While proponents of legalized marijuana dismiss out of hand the notion that federal law will ever take state law to task on the issue, entities that advise county and municipal governments take that possibility very seriously and have urged caution. In an advisory article in the September/October 2014 issue of CityVision Magazine, a publication of the Association of Washington Cities that provides training and guidance to municipal authorities, Hilary Bricken of the Canna Law Group wrote, "Washington cities and counties are using federal illegality as a basis for banning cannabis businesses." She added that even though the U.S. Department of Justice (DOJ) provided a memorandum to U.S. Attorneys on certain federal priorities that could leave marijuana law enforcement to state law authorities, the memorandum was not legally binding. "And it does not change federal law," she wrote. "The federal government remains able to enforce federal law even against I-502 businesses that are in compliance with all state laws." The article advised Washington cities to carefully consider "the conflict between state and federal marijuana laws where their own local business licensing and permitting for cannabis businesses may be construed as violations of federal law because that licensing or permitting operates as an 'endorsement' of marijuana cultivation and distribution. These cities and counties could fear federal prosecution of their civic leaders and the loss of federal funding." The article ends with a statement of certainty that sooner or later the issue will make its way to the highest state court.

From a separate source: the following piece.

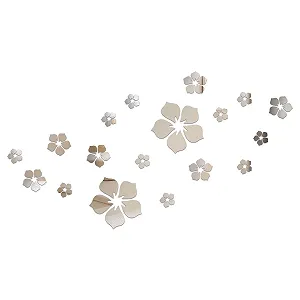 Наклейки на стіну Mirror Flower 18 шт. акрилові 3D Сріблясті - Фото 1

Federal courts have not hesitated to strike down state laws that contradict federal law; as recently as Nov. 8 this year, Judge Susan Bolton of Federal District Court in Phoenix ruled that an Arizona law on immigration was invalid because it conflicted with federal authority. For the present, federal authorities have turned blind eyes on Colorado and Washington. No one at any federal level has given assurance that will remain the case indefinitely so long as federal law still prohibits sale of marijuana.
"Given the sensitivity of a pot shop coming to a city that had previously voted against the matter, I feel it was absolutely incumbent that the mayor inform the council, regardless of his own feelings," says council member Mike Cannon. He, too, presses the point about federal law. "While business permits normally do not come before the council, when they involve breaking federal law and the controversy of legalizing pot, common sense would demand consulting with the council and notifying the public."
Cannon adds that city government has been secretive. "Transparency is essential to a good government, and it seems to be sorely missing in our city administration," he says. "In addition to training on transparency, I feel training on avoiding conflicts of interest is needed by city leaders, including the council. In hindsight, significant information was not disclosed at times the council was asked to vote on various issues." Cannon calls the way the pot shop issue was handled an awful mess and a sad turn for the community.
Baze dismisses the complaints about not revealing the LCB notice. "I understand how they feel," he says. "But the reality is, we can't treat one business any differently than any other. It's not fair." Despite Klickitat County and Goldendale having voted against I-502, to Baze the state's passage of I-502 trumps local consideration. "It's the law," he says. "I'm just doing my job."